Другие кабильские племена подчинились относительно мягким предписаниям Корана и знают систему компенсаций вместо кровавой мести. Некоторые такие племена пошли еще дальше, ограничив право кровавой расправы только личностью виновника или его наследника. Это уже переход к более гуманной системе мусульманского и моисеева права13.
Интересно в рассматриваемом вопросе право Моисея. Кто намеренно лишил другого жизни, тот отдается на распоряжение лица, имеющего право кровавой мести (goël haddäm); лицо это имеет право лишить жизни убийцу так же, как он расправился со своей жертвой; это его священная обязанность в качестве goël. Ему запрещается принимать деньги и мириться с убийцей, ибо в противном случае кровавый долг падает на всю местность. В последнем отношении — нельзя это не видеть — мусульманское право мягче моисеева права. Кровь за кровь! Таково основное правило последнего в рассматриваемых случаях. Правило это настолько обязательно, что ни одно свободное государство не имеет права давать убежище убийце, охранять его жизнь, а наоборот, обязано его выдать.

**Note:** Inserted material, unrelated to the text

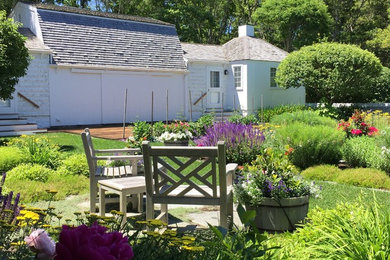 На фото: весенний участок и сад среднего размера на заднем дворе в морском стиле с садовой дорожкой или калиткой, полуденной тенью и настилом с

Иначе дело обстоит при ненамеренном, неосторожном лишении жизни. Хотя и в этих случаях допускается кровавая месть, но убийце приходит на помощь закон, дозволяя ему бежать в места убежища, причем goël не имеет уже права требовать его выдачи. По началам моисеева права, убийца имеет возможность оставаться в этих местах до тех пор, пока не умрет высшее в стране духовное лицо, что, впрочем, в литературе представляется еще не выясненным. В случае возвращения на родину до этого срока привилегия убийцы отпадает, и право кровавой мести вступает снова в свою действительную силу, снова делается настолько обязательным, что goël не может взять деньги от убийцы и вступать с ним в мирные переговоры. На основании, впрочем, некоторых положений моисеева права и его литературной обработки можно предположить, что идея композиции (kofer) в делах, где должна быть приведена в исполнение кровавая месть, уже зародилась в моисеевом праве, но выражена еще в очень слабой степени. Чтобы закончить с обзором положений этого права, надо упомянуть, что, хотя по началам его мститель есть всегда близкий родственник убитого, но вышеуказанный эпитет goël сообщается всякому родственнику вообще, который является в роли мстителя.

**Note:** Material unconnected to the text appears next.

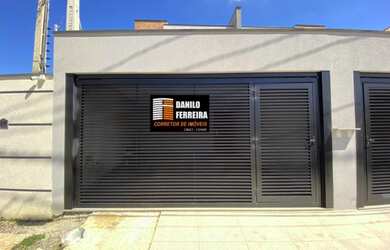 Imagem: A casa possui 3 Dormitórios, 4 Banheiros, 2 Vagas na garagem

В индийском праве под влиянием мощно развившейся королевской власти обычай кровавой мести в значительной степени искоренен, так что оно гораздо более приближается к современным порядкам, чем большинство прав арийской или семитской семьи. Впрочем, на один индийский сборник права — «Апостамба» указывают как на такой, в котором существуют некоторые следы кровавой мести. Здесь действительно сказано, что если кто отнимает у другого жизнь, то он обязан доставить родственникам убитого известное, определяемое кастой, к которой принадлежал последний, число коров. Такая контрибуция предупреждает кровавую месть (avairayatanarthan). Вероятно, из этих-то порядков выросла позднейшая система отбывания виновным наказания в пользу государства или духовенства. По крайней мере, многие другие сборники индийского права подводят к такому выводу. Конечно, трансформация эта, принимая во внимание пассивность и слабость энергии сопротивления, свойственные индийскому характеру, должна была наступить здесь скорее, чем у прочих племен индогерманского культурного мира.
Наиболее развитым институт кровавой мести был в праве славян, кельтов, греков, германцев. У них кровавая месть пронизывает собой все право, является институтом, раздувающим в яркое пламя потухшее правовое чувство и зажигающим, наподобие огненного факела, все племена и роды.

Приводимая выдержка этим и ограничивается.